Charity Helps Those in Need with Sustainable Resources

Aug 22, 2016 04:44PM ● By Kelly Cannon

: One of the families benefiting from the Business Boxes. —100 Humanitarians

By Kelly Cannon | [email protected]
Heidi Totten is asking Sandy residents to come out and help her change the lives of people around the world. Totten is the founder of 100 Humanitarians, a nonprofit that provides sustainable resources to families in Kenya.
100 Humanitarians is hosting a fundraiser event on Oct. 22 at Club 90, 9065 S. Monroe St. Called “Taste of Kenya.” The event will have authentic Kenyan food, a silent auction and karaoke. All of the donations will go toward Business Boxes.
“The Business Boxes now include a cow, a goat, five chickens, three-square-foot garden boxes, 10 trees to replace the wood in the garden boxes and then reusable feminine hygiene kits for the women in the family,” Totten said.
The idea for 100 Humanitarians came after Totten went on a humanitarian trip in March 2015. Afterward, she was inspired to start a group on Facebook.
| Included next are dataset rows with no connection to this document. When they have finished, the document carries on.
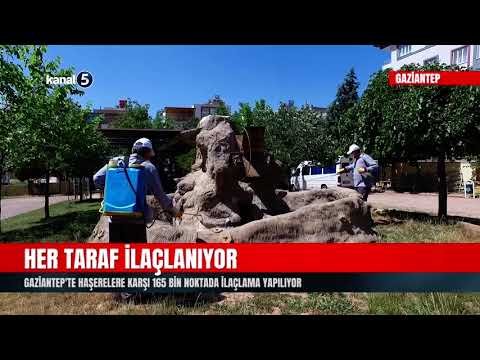 Her Taraf İlaçlanıyor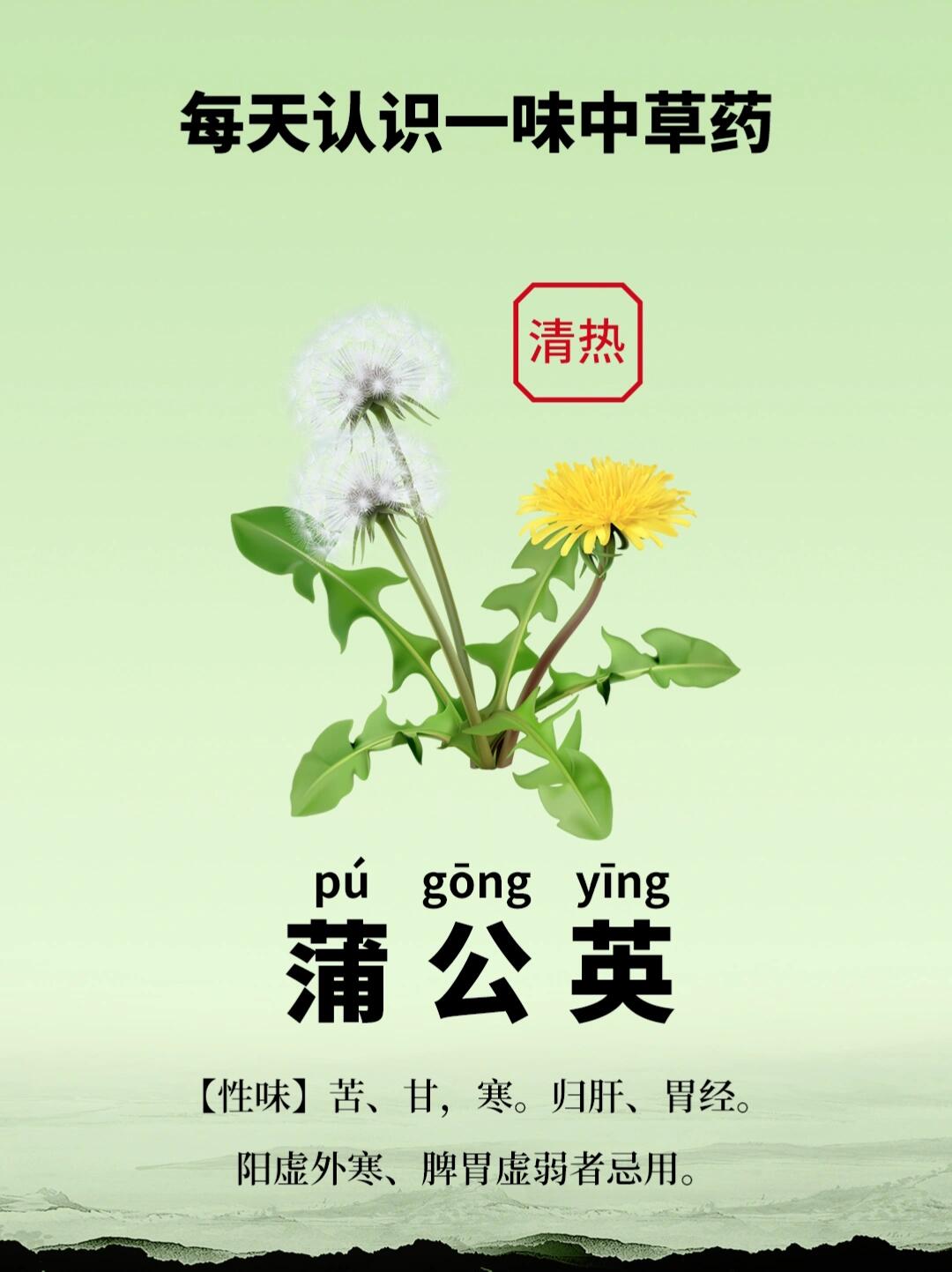 蒲公英花的功效与作用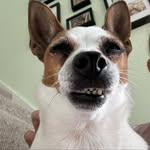 Stella! - @stellathewelshdog - Instagram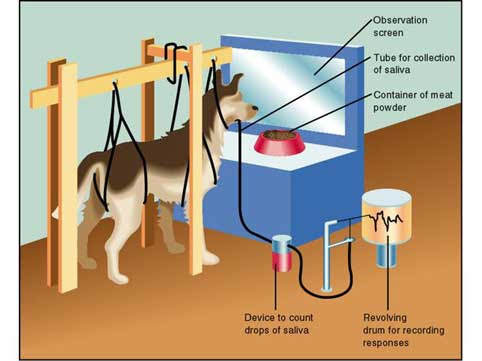 Pavlov’s Dogs and the Lunatic Left Pavlov’s Dogs and the Lunatic Left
The response was overwhelming and soon two trips were planned.
“From there, the concept of 100 Humanitarians is what is the power of 100 people working on any given project in the world to create change. So if you’re interested in stopping human trafficking in Warsaw, Poland, we’re the other 99 people would be interested in helping with that project,” Totten said. “My big focus is on Kenya but we have others who are focused on Guatemala, who want to work in India and Nepal and Ghana. It’s basically connecting people to projects that call to them.”
During the first trip, the group built desks and a kitchen at a school. Soon after, Totten realized she wanted to focus on sustainable projects within families. This led to the creation of Business Boxes.
“With those boxes, we determined that if we give a family a box, then they can sell the milk, they can sell the eggs. They can use it as food for their families. When they generate income, they can pay for their own school fees,” Totten said. “If I were to sponsor one child all the way through high school, that could be a couple thousand dollars. Or, with the Business Box, you mentor and teach families how to use it and then they pay for all of their children because they’re able to build the revenue.”
So far, four families have received a cow, including a widowed mother of five.
“We gave her a cow and mentored her and taught her how to use it. Now, she’s selling three liters a day and making about a $1.80 a day, which she can then use to pay for school fees and to buy other things her family needs like rice and corn,” Totten said. “She’s our prototype. What we’re doing on our next trip, we’re going to build square garden boxes and test that out.”
The plan is to introduce new parts of the Business Boxes over the course of six months so as not to overwhelm the families. The boxes currently cost about $1,000 each but Totten believes once the animals start breeding, the cost will go down.
“That’s part of our plan, with paying it forward with the animals for these families,” Totten said.
The next big goal for the nonprofit is to build three cultural centers that would function as mentoring centers for the people in the program. It would also establish mentorships in-country so there would be less traveling during the year.